Chloryne kemudian membandingkan upaya Indonesia dengan praktik mitigasi perubahan iklim di Fiji yang secara tegas menggunakan pendekatan HAM dalam kebijakannya untuk melakukan relokasi terencana bagi penduduk terdampak bencana dan perubahan iklim. Fiji mengupayakan agar proses relokasi tetap menghormati dan melindungi HAM penduduk dengan, antara lain, mengedepankan transparansi, audiensi publik, dan pemenuhan HAM relevan, seperti hak atas air, hak atas lingkungan yang sehat dan bersih, dan hak atas tempat tinggal yang layak.
Ayu Utami, yang mewakili BNPB sebagai salah satu pemapar, menyampaikan bahwa Rencana Nasional Penanggulangan Bencana 2020-2024 (RENAS PB) dapat menjadi salah satu sarana atau pintu masuk bagi pendekatan HAM dalam penanggulangan dampak perubahan iklim dan bencana, karena RENAS PB telah mencantumkan upaya penanggulangan bencana (disaster management) dalam situasi normal (pre-disaster), pada saat bencana, dan post disaster, seperti melalui sistem peringatan dini (early warnings system) dan upaya tanggap bencana. RENAS PB juga sudah mencantumkan berbagai kategori HAM, seperti hak hidup dan hak atas penghidupan yang layak dalam proses disaster management.

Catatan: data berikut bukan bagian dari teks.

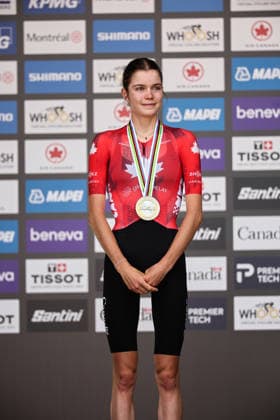 2026 UCI Road World Championships Picture by Alex Whitehead SWpix.com - 24 09 2026 - Cycling - 2026 UCI Road World Championships - MontrÃ al, Canada - Women Under-23 Road Race Podium - Isabella Holmgren (Canada) receiving the Silver Medal MontrÃ al Avenue du Parc Canada Copyright: x xSWpix.comx(t axPhotographyxHubxLtd)xAlexxWhitehead SWpix.comx SWP-3521-2583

Hasil diskusi dengan peserta lokakarya diantaranya menyepakati perlunya pendekatan HAM secara holistik dalam merespon perubahan iklim dan penanggulangan bencana termasuk memasukannya sebagai salah satu prioritas RANHAM. Peserta pun mengapresiasi dan mendorong kegiatan kolaboratif ini dalam rangka penguatan pendekatan HAM dalam perubahan iklim dan penanggulangan bencana agar dapat terus berlanjut. Namun lokakarya ini masih menyisakan pekerjaan rumah bagi para stakeholders terkait, diantaranya perlunya kesepakatan bersama untuk mendefinsikan perubahan iklim sebagai bencana atau sebagai krisis, bagaimana memenuhi HAM masyarakat dalam upaya mitigasi bencana terkait perubahan iklim di satu sisi namun di sisi lain membatasi HAM tertentu misalnya bagi masyarakat yang bersikeras untuk tidak berpindah tempat tinggal, padahal permukimannya dalam bahaya, perlunya pengaturan yang lebih tegas mengenai pendekatan HAM dalam perubahan iklim dan penangulangan bencana hingga ke tingkat pelaksanaan di daerah sehingga haluan kebijakan, peraturan, dan pedoman teknis yang akan diadopsi dapat dengan jelas dituangkan.
Dalam kesempatan ini, PAHAM juga menerima kenang-kenangan dari MPBI berupa buku terjemahan Sphere project yang meupakan panduan pendekatan HAM dalam kebencanaan yang digunakan oleh organisasi internasional, PMI dan organisasi masyarakat dalam penanggulangan bencana.